• DATASET SECTION:
———

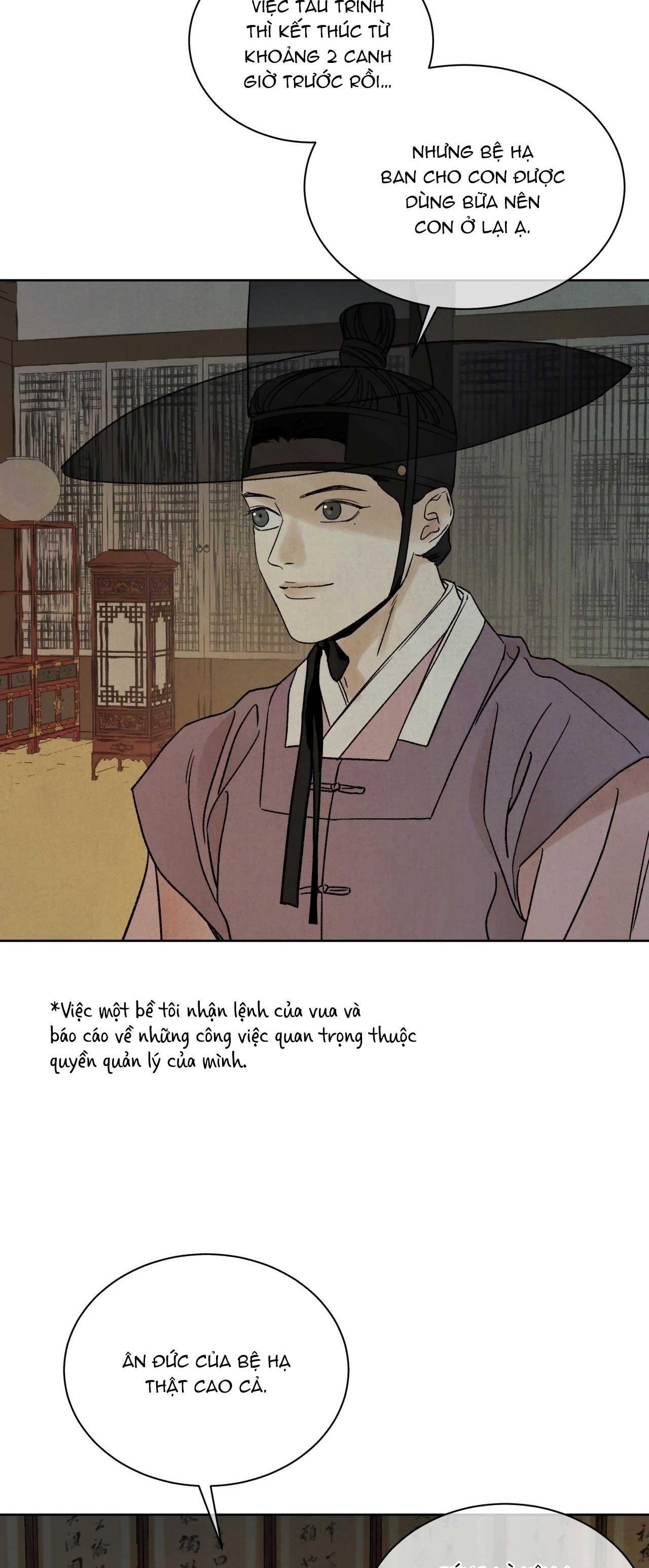 MONG RYONGJEON Chapter 27 - ss2 18+ 6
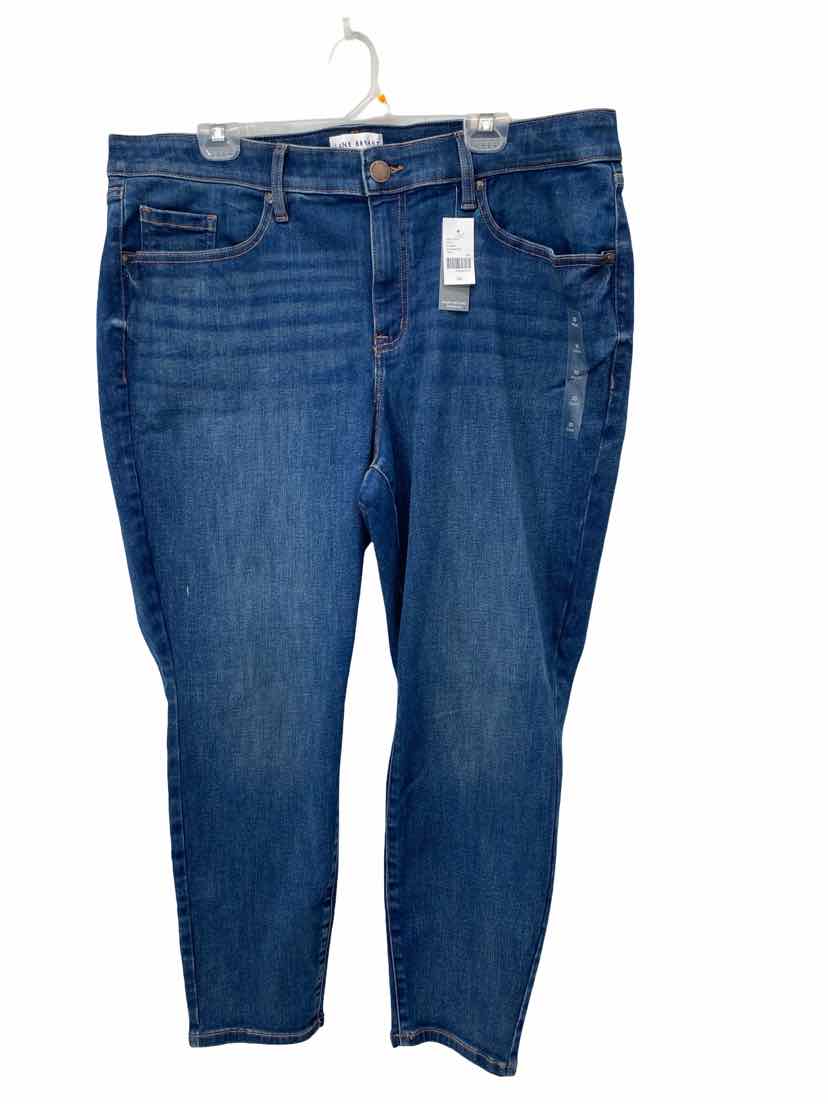Lane Bryant Ladies Size 20 Short NEW Jeans
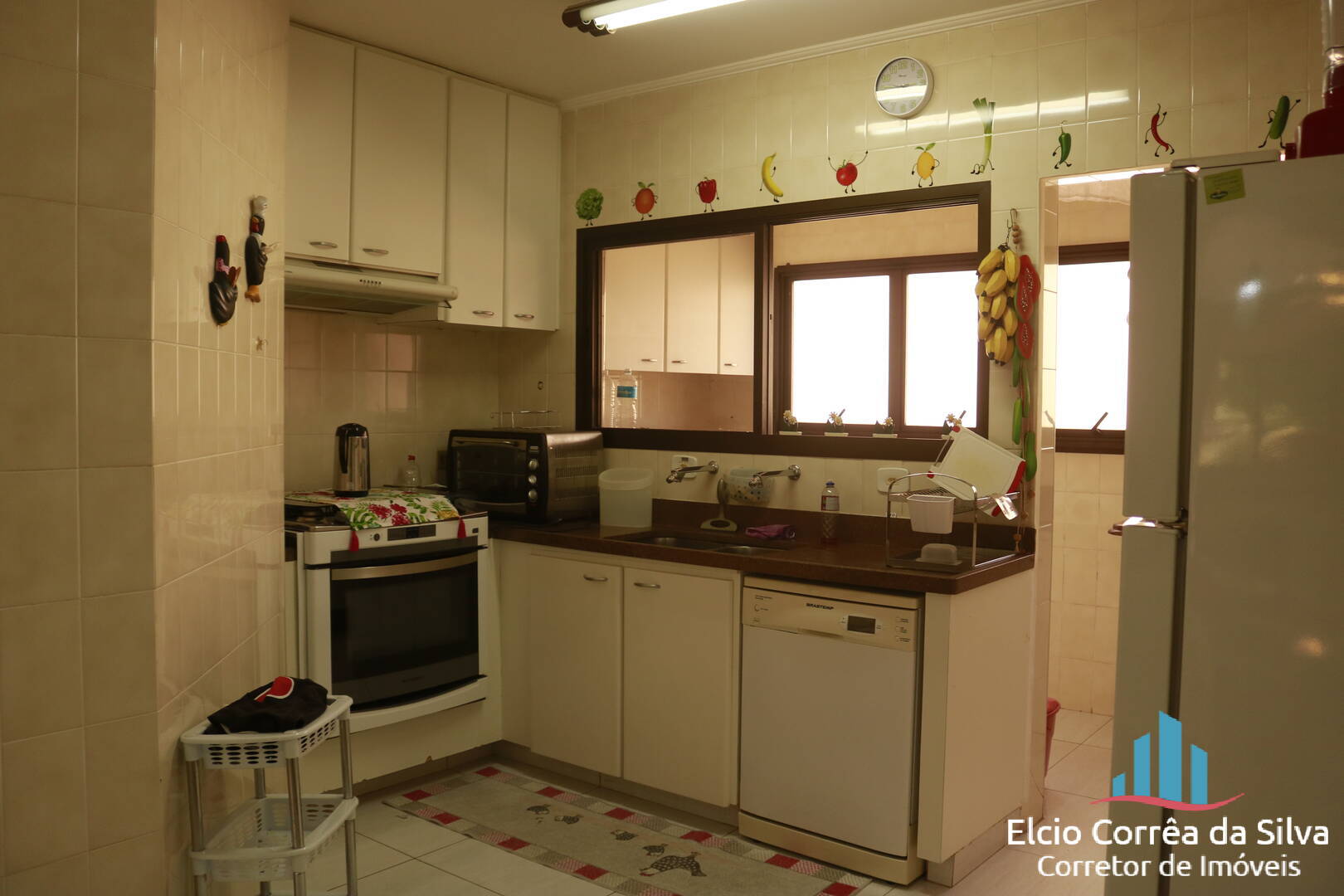 Apartamento à venda com 3 quartos, 150m² - Foto 9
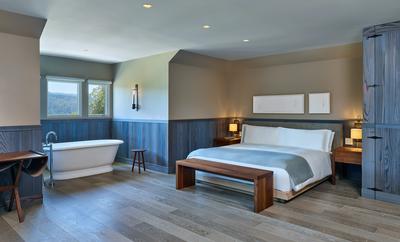 Historic Farmhouse Room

———

Leave the images out and output the remaining material exactly as it stands.

• SOLVED EXERCISE:
 MONG RYONGJEON Chapter 27 - ss2 18+ 6
Lane Bryant Ladies Size 20 Short NEW Jeans
 Apartamento à venda com 3 quartos, 150m² - Foto 9
 Historic Farmhouse Room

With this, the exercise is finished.